- [Source material]
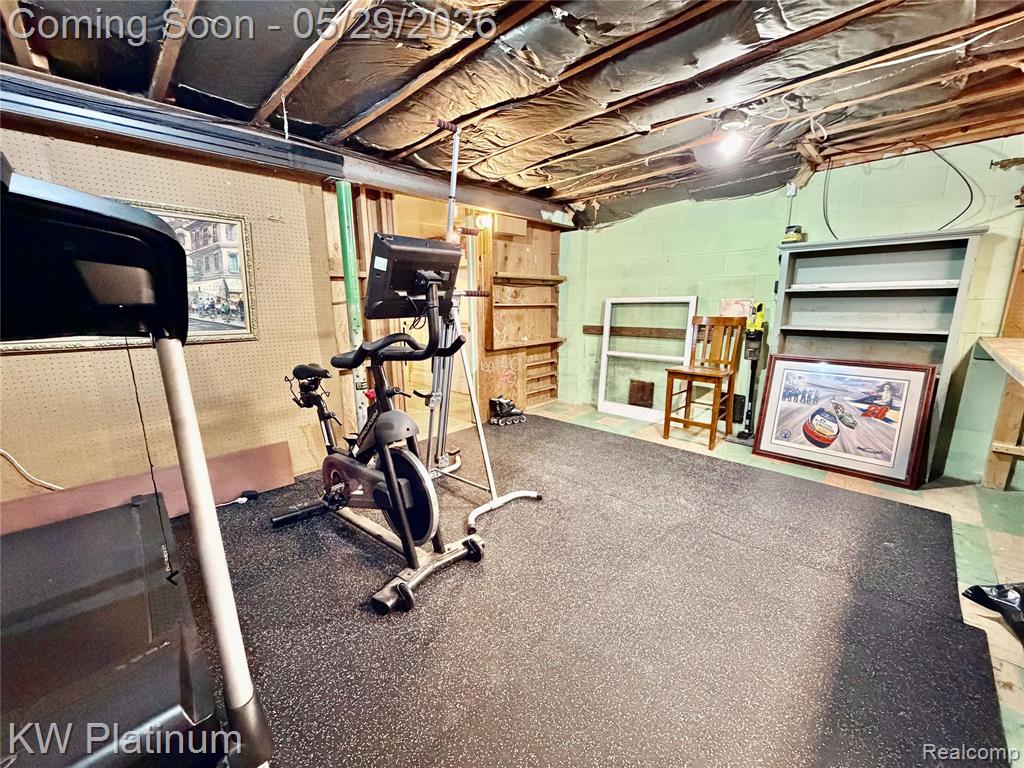 2425 Woodstock Drive, Port Huron, MI 48060 — Photo 39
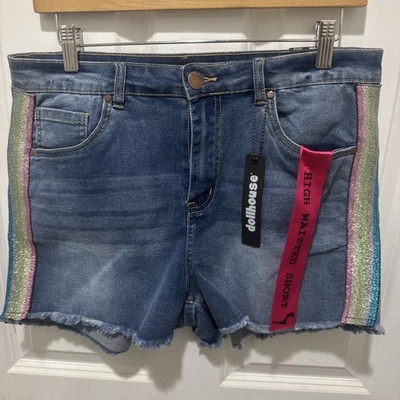 Pantalones cortos de mezclilla para mujer Dollhouse Junior cintura alta talla 13 recortados adornados Foto 1 de 3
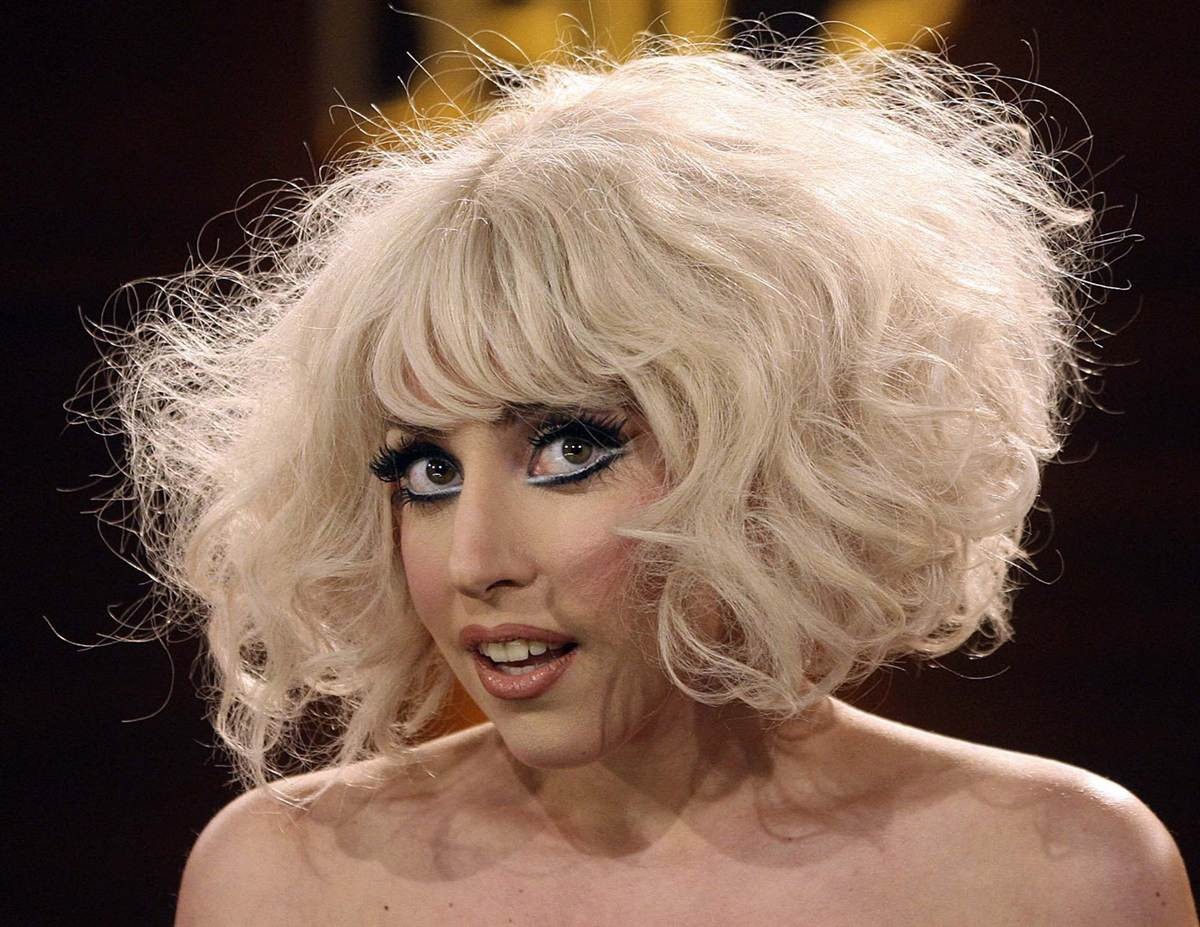 Леди Гага на церемонии вручения Грэмми исполнит песни Дэвида Боуи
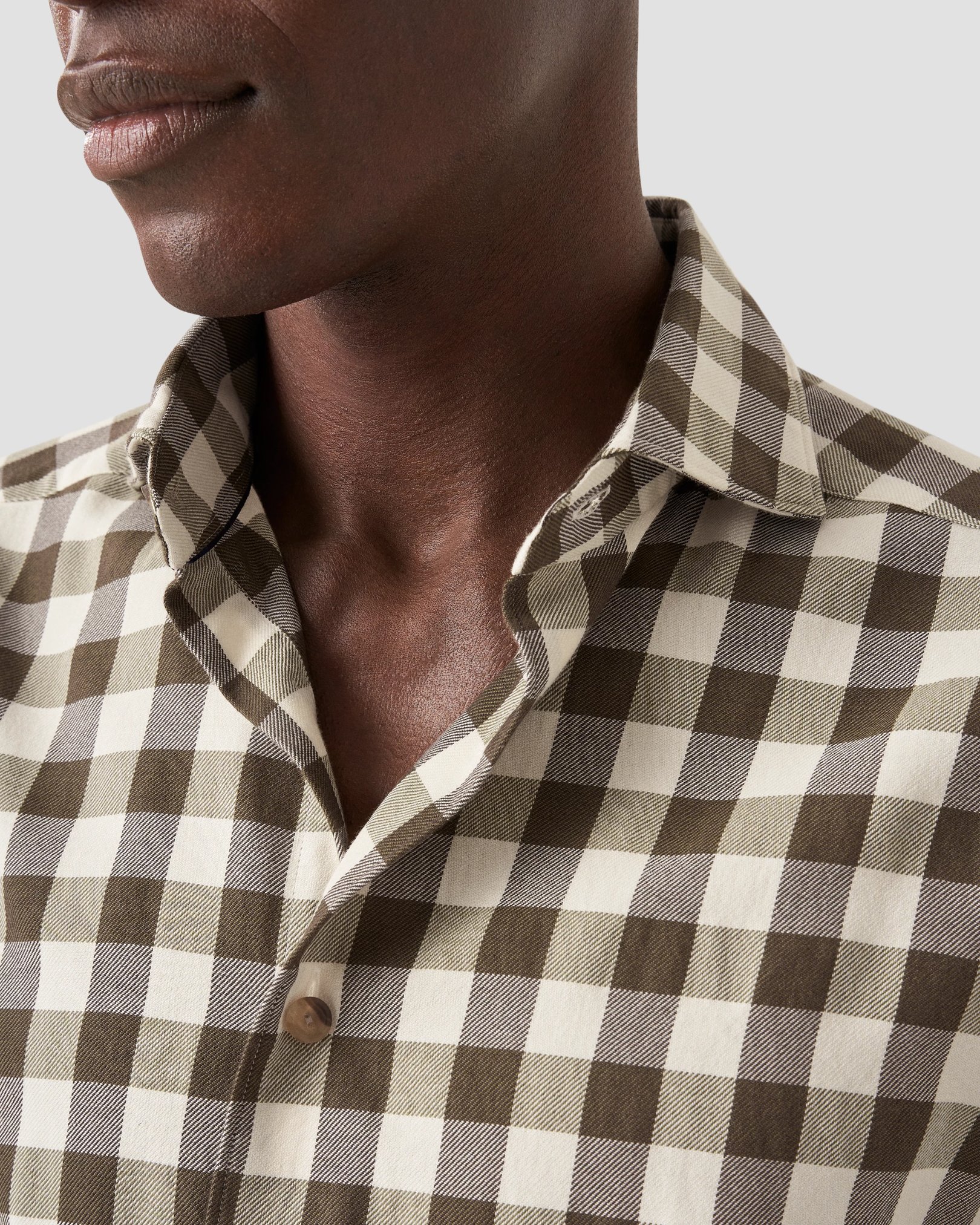 Eton - dark green twill wide spread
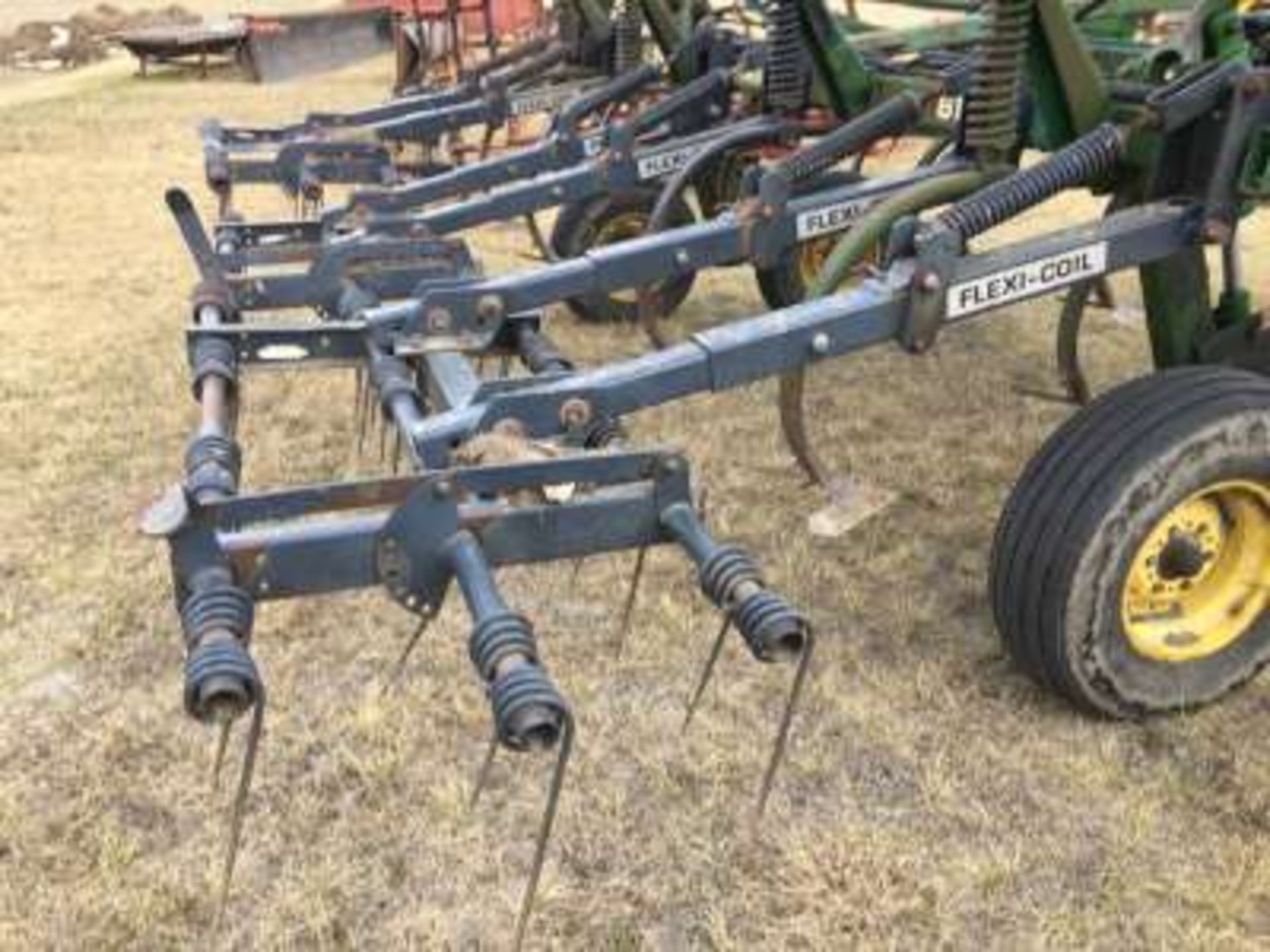 JD 1610 deep tillage, 31ft (extended to 36ft) c/w harrows, new shovels and anhydrous kit. - Image 3 of 3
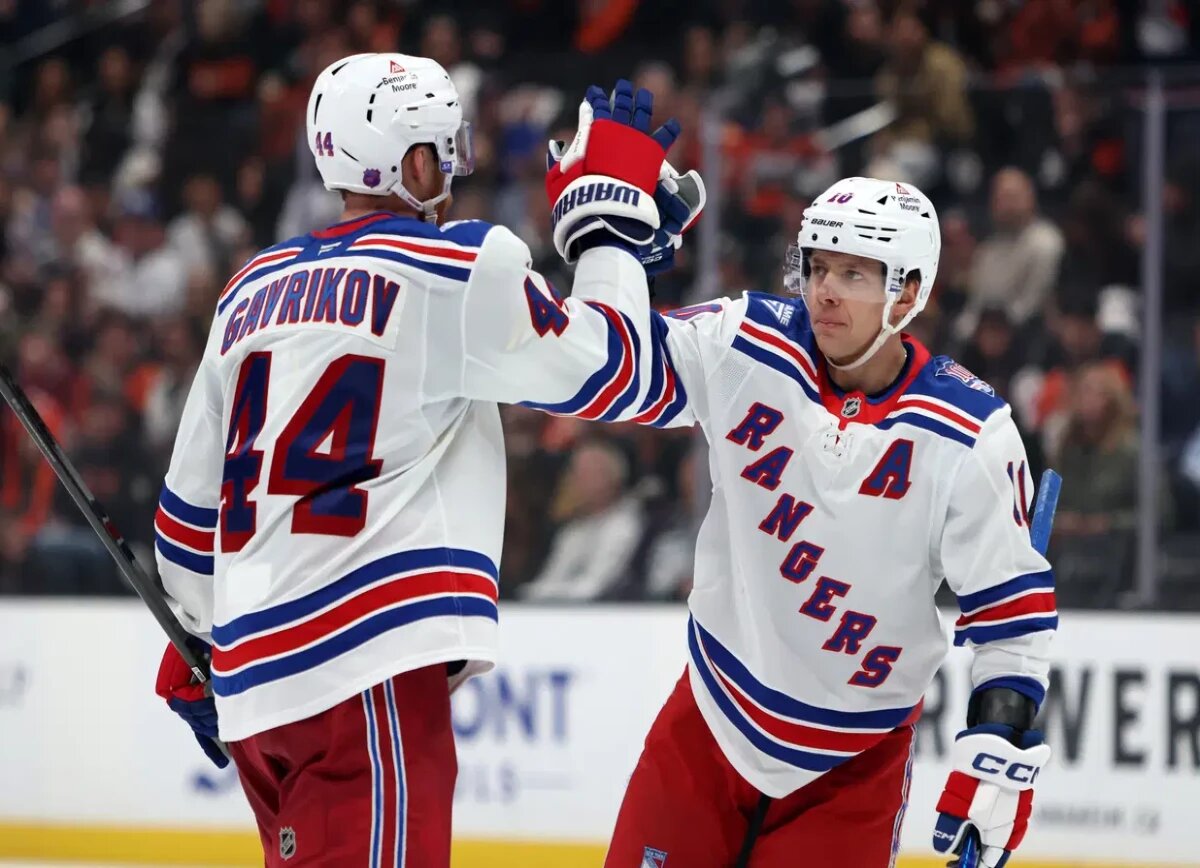     The Hockey News о желании Панарина играть в Лос-Анджелесе: он отказался более чем от $30 млн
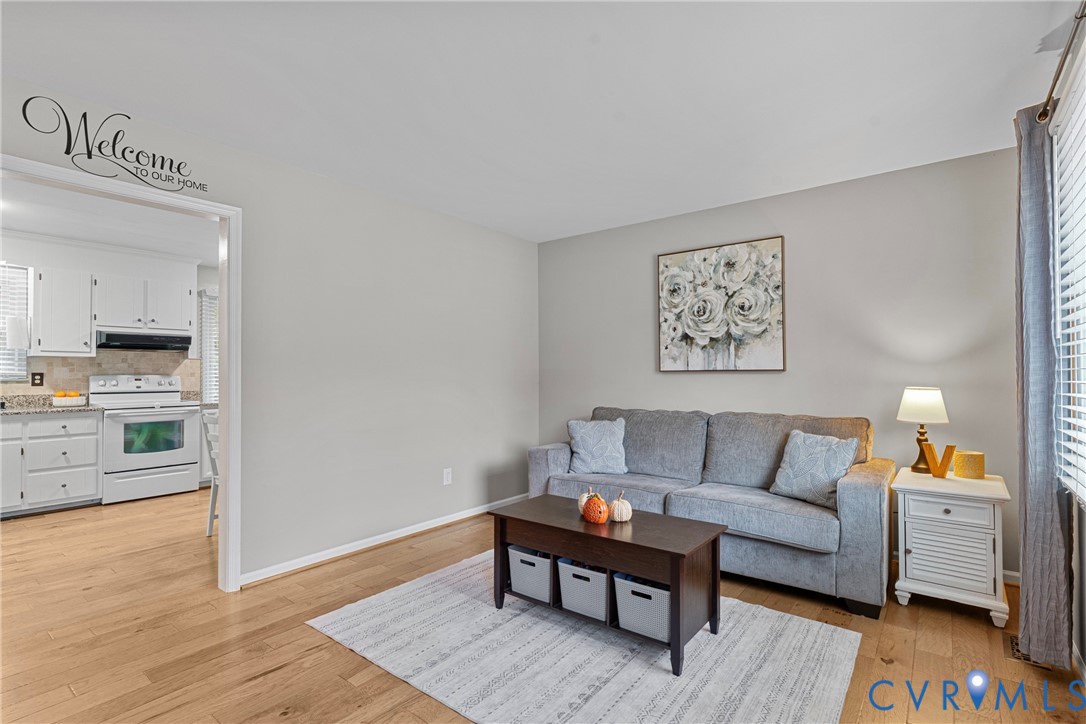 10524 Genlou Road Chesterfield, VA 23832 - Photo 6 of 42 Right inside the front door is this multi use spac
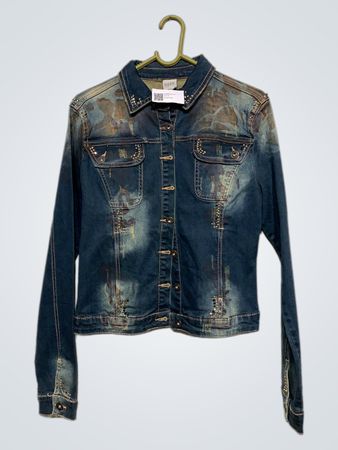 Jeansjacke mit Nieten und vintage Print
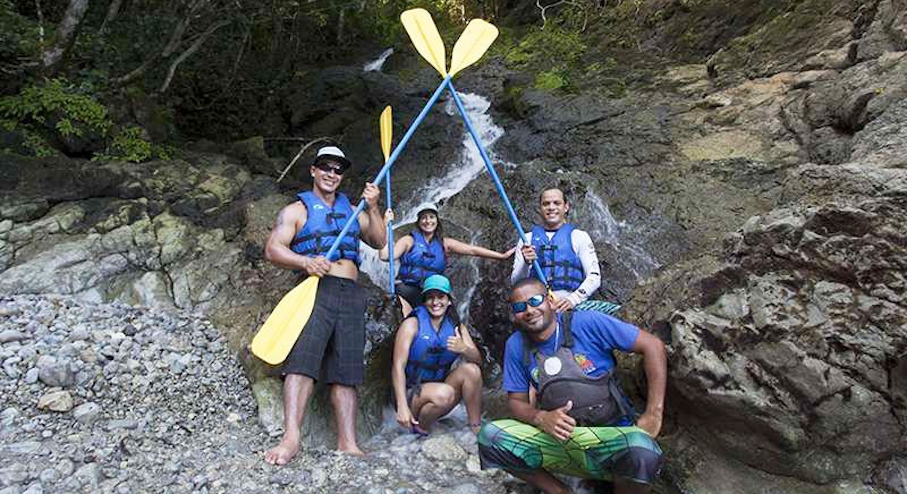 Grupo de personas con equipo de kayak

- [Task directions] In the copy, only the lines from the one holding "10524 Genlou Road" through the end of the listing above should appear, retyped exactly, both ends included, with no pictures.

- [Task output]
 10524 Genlou Road Chesterfield, VA 23832 - Photo 6 of 42 Right inside the front door is this multi use spac
 Jeansjacke mit Nieten und vintage Print
 Grupo de personas con equipo de kayak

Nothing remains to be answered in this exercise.